Hektoen International

A Journal of Medical Humanities

Dawn of Mourning

Paul Rousseau

Poet’s statement: I am a hospice and palliative medicine physician and see suffering on a daily basis, suffering which is often callous and brutal. In addition, I experienced suffering first hand with the death of my wife 3 years ago from the ugly ravages of scleroderma. I have used writing, particularly essays and poetry, as a way to help me heal and continue to confront the daily debris of terminal disease–writing has brought me comfort, solace, and an open heart.
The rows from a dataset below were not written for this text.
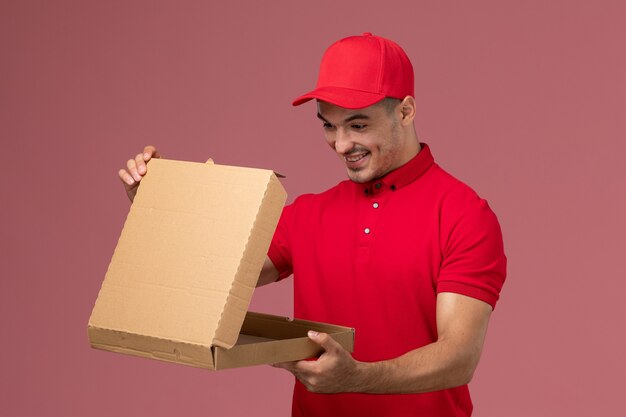 Front view male courier in red uniform and cape holding food delivery box opening it on pink wall service delivery male uniform worker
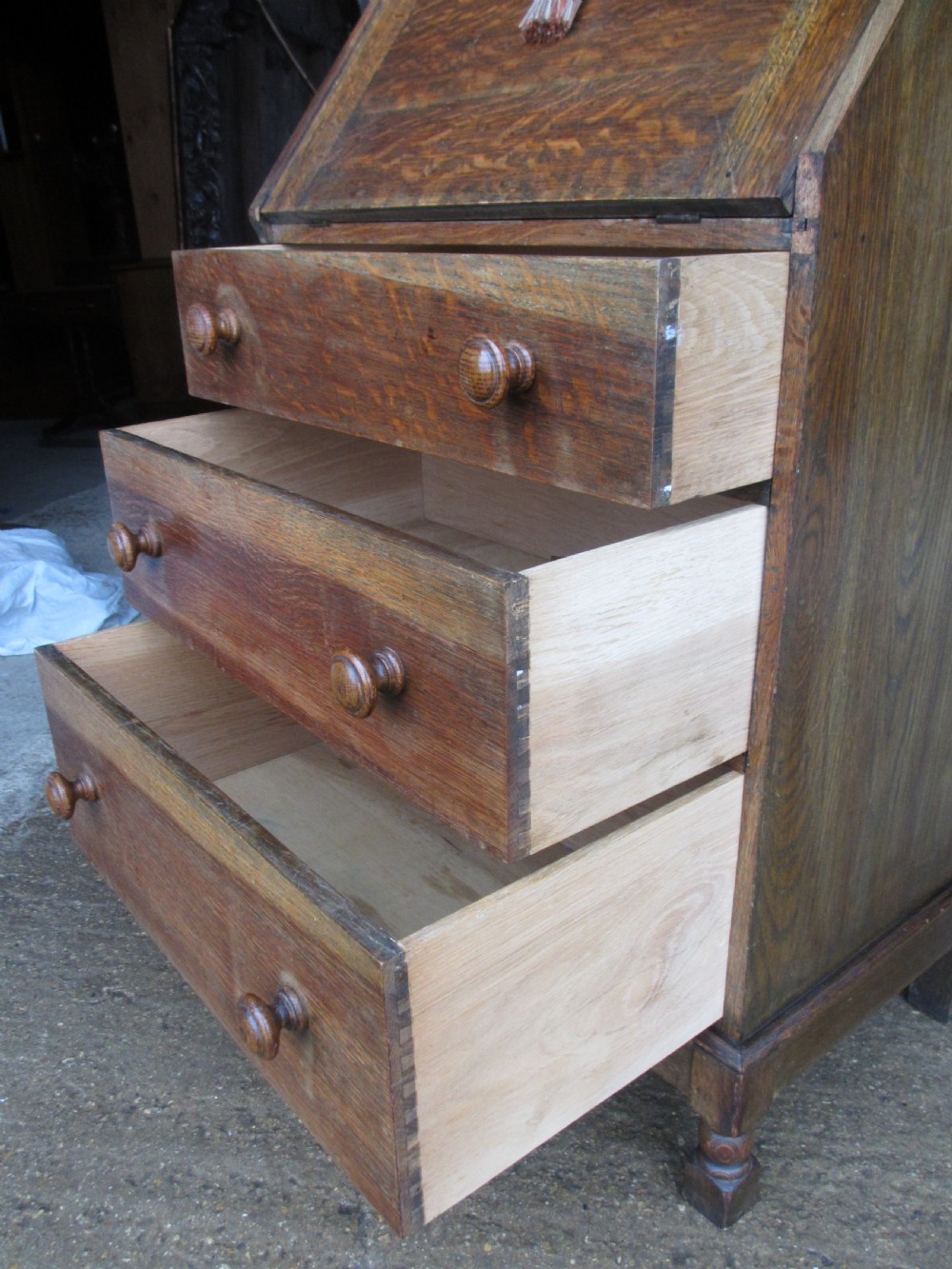 A narrow Edwardian oak bureau bookcase with twin glazed doors on the upper section above a fall-front writing desk and three drawers with wooden bun handles. View X
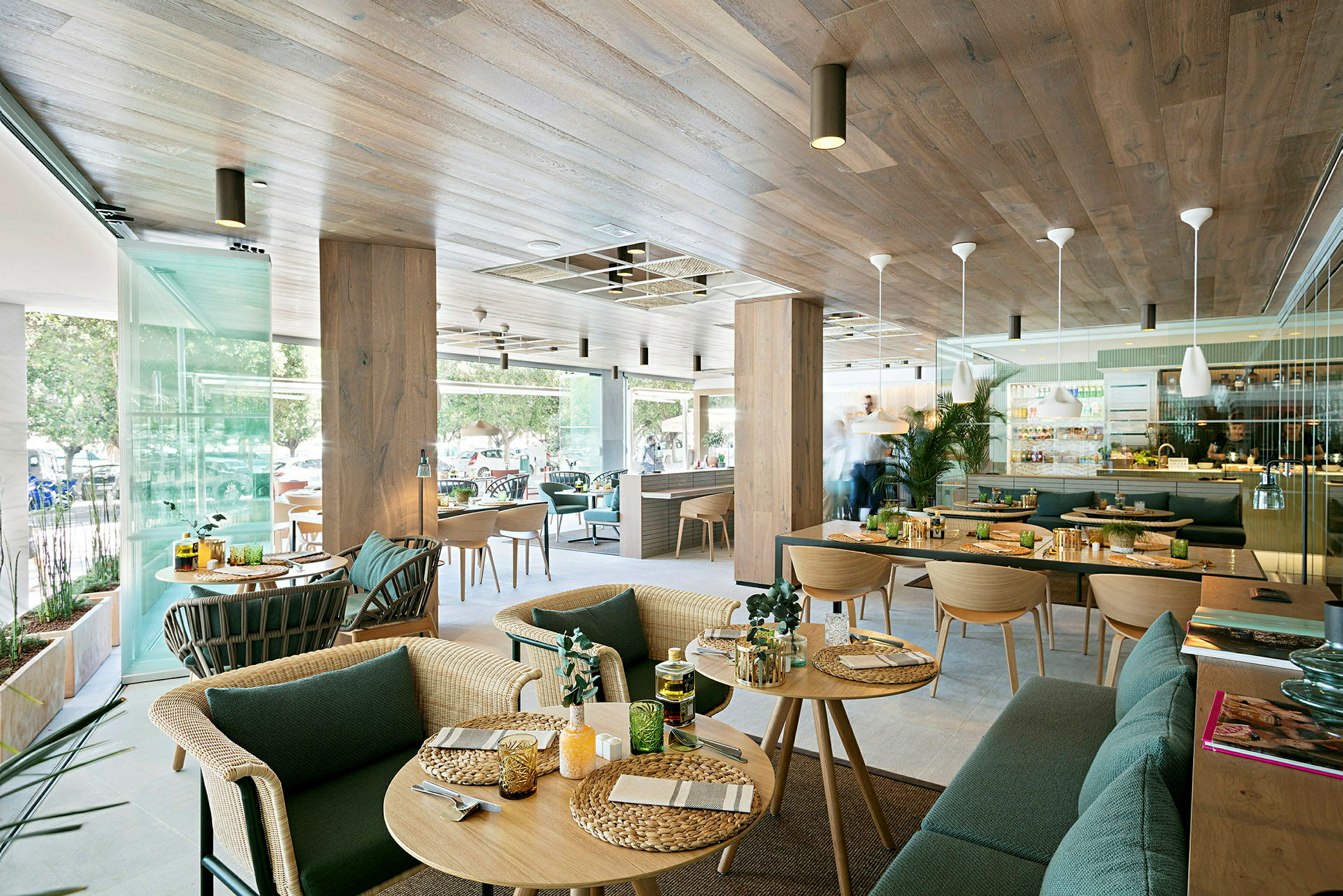 En moderne restaurant med treinteriør og store glassvinduer. Det er bord med servert mat og interiør med grønne planter. (AI-generert tekst)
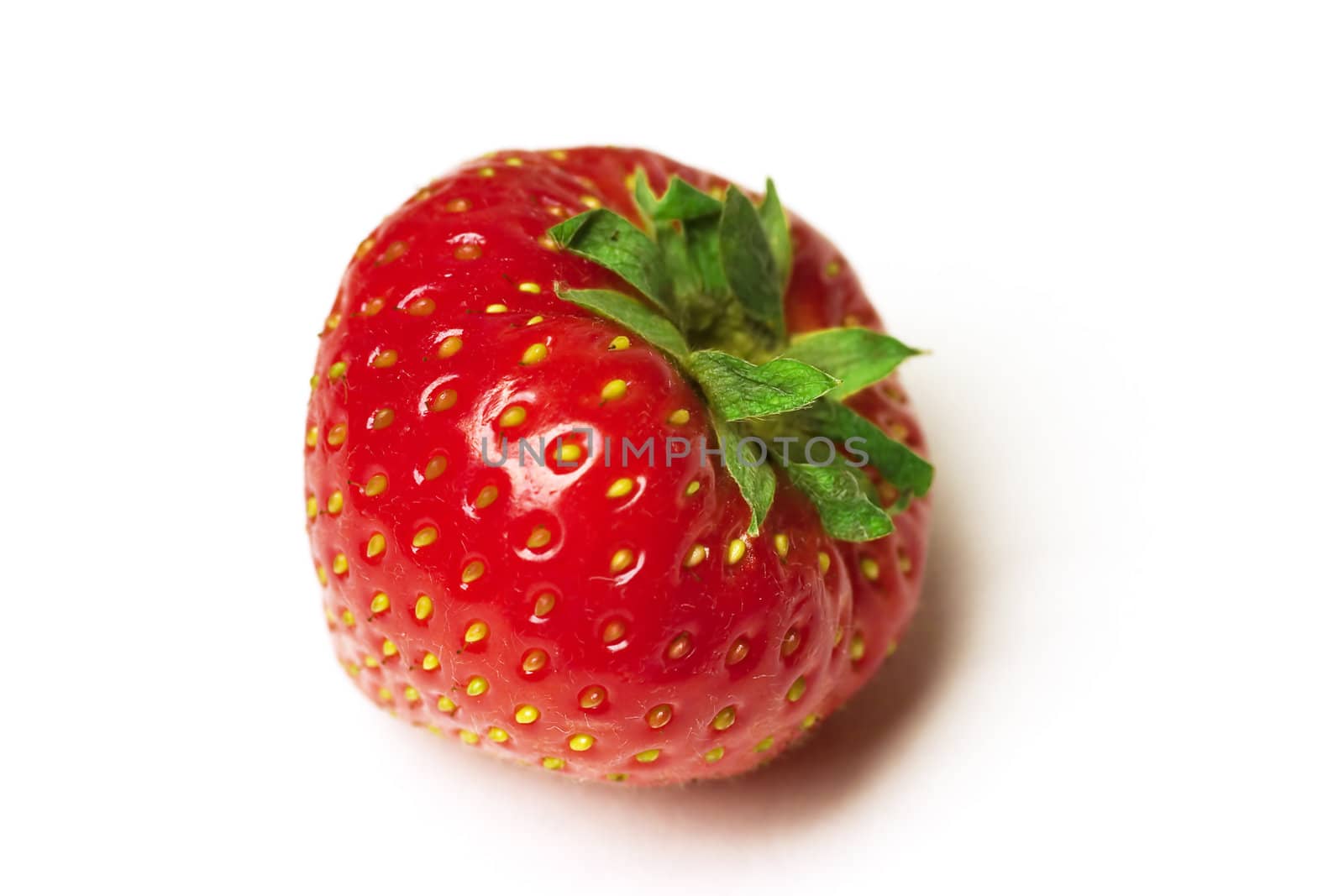 excellent brightly red strawberry on a white background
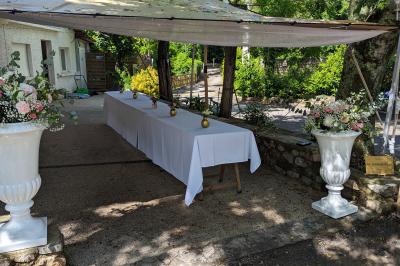 Salle de réception en extérieur décorée pour un événement, avec tables dressées, fleurs et voilages suspendus.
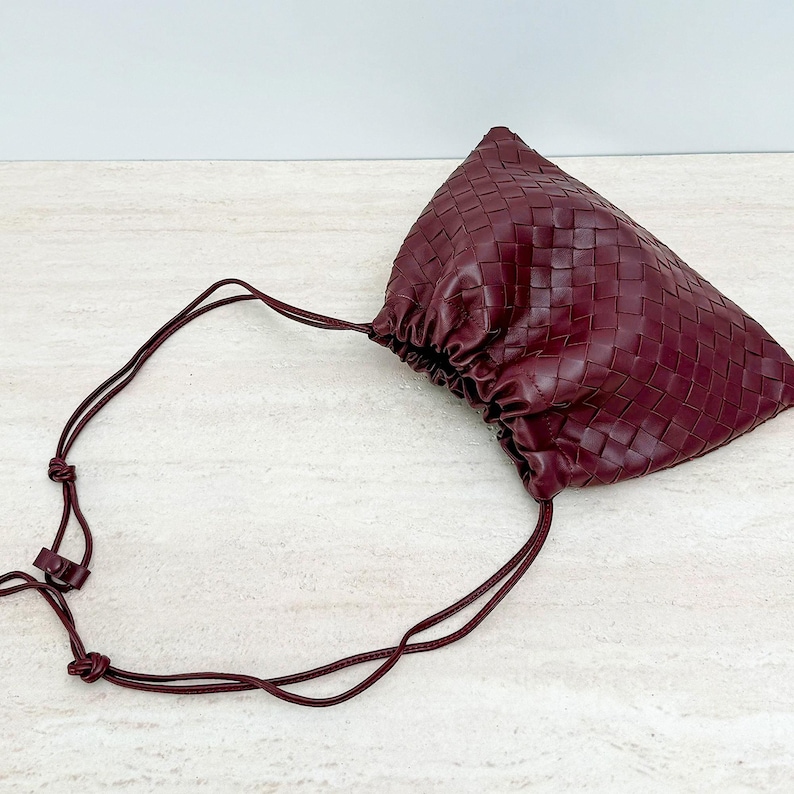 K&ouml;nnte beinhalten: Eine tiefburgunderrote Beuteltasche mit geflochtenem Lederau&szlig;enmaterial und geraubtem Verschluss. Die Tasche verf&uuml;gt &uuml;ber eine d&uuml;nne, passende burgunderrote Lederkordel, die nach au&szlig;en verl&auml;uft und mit Knoten sowie einem kleinen Schieberegler endet.
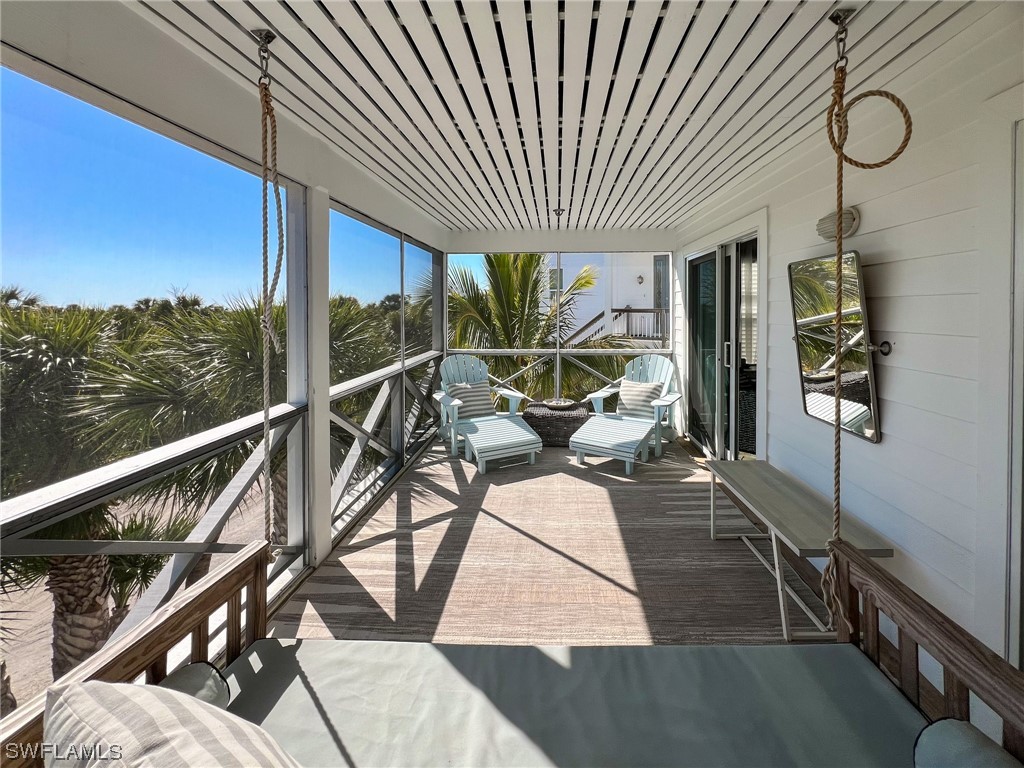 4480 Panama Shell Drive Upper Captiva, FL 33924 - Photo 41 of 50 a view of a couches and dinning table in the balcony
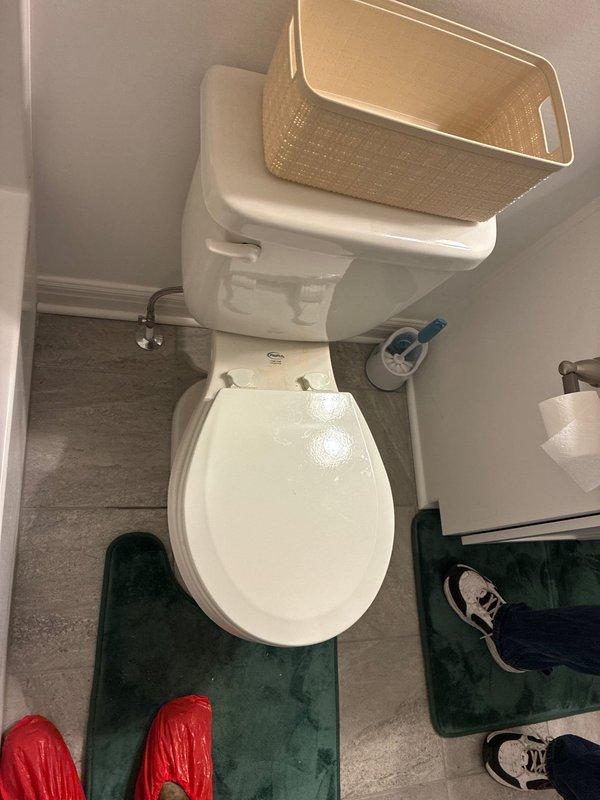 Responded to service call for toilet replacement estimate at residential property. Upon arrival, assessed existing standard white porcelain toilet in bathroom equipped with accessibility features including padded grab bars. Documented current fixture condition and surrounding bathroom configuration, noting gray vinyl plank flooring and adequate clearances. Evaluated installation requirements for potential replacement, including existing water supply line connection and floor flange accessibility. Photographed existing toilet and bathroom layout to provide accurate estimate for new fixture installation. Recommended replacement options based on bathroom dimensions and accessibility needs.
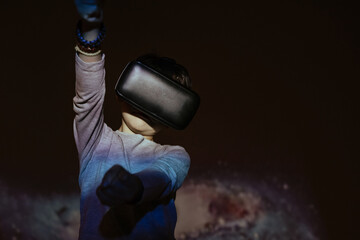 Cute boy wearing VR glasses and exploring virtual reality while standing under colorful projection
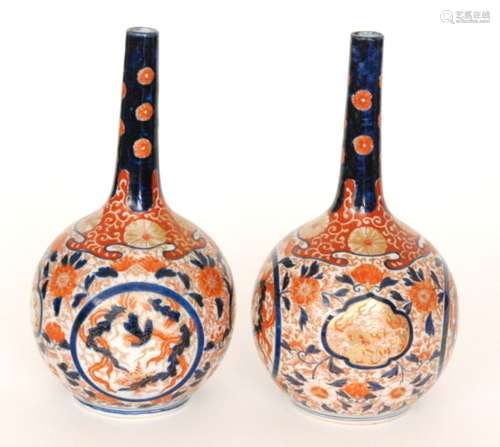 A pair of early 20th Century Japanese export Imari vases of globe and shaft form each decorated with a stylised bird within a roundel against a patterned ground, each with a painted tree mark to the base, height 26cm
dedicated to Pamela Rousseau

I slept on a chair

Of metal and memories

Stained with the love and

Sorrow of many a family.

The clock motioned to my struggle:

I stood and her eyes

Closed like the final

Chapter in a book, a

Page turned after 52 years.

Then her heart rested

And stopped, a dark

Gesture in the rising

Of a white harvest moon.

It was silent—no longer the

Flailing of immortality or

The struggle of breath,

Her journey secured

Above the thickness of death.

I cried—they said

They’re sorry, the

Nurse and chaplain.

And I walked to the

Elevator, a swirling

Dawn of mourning

Floating like a heavy fog,

A shirt without a button, a

Shoe without laces.

DR. PAUL ROUSSEAU has practiced hospice and palliative care for 28 years, and has written about his patients and his own experiences as a physician caring for terminal illness. He has published in the Annals of Internal Medicine, JAMA, Chest, and Journal of Palliative Medicine to mention a few. He lived most of his life in Arizona, but last year relocated to Charleston, SC where he currently serves as Associate Professor of General Internal Medicine and Geriatrics and Medical Director of the Palliative and Supportive Care Program at the Medical University of South Carolina.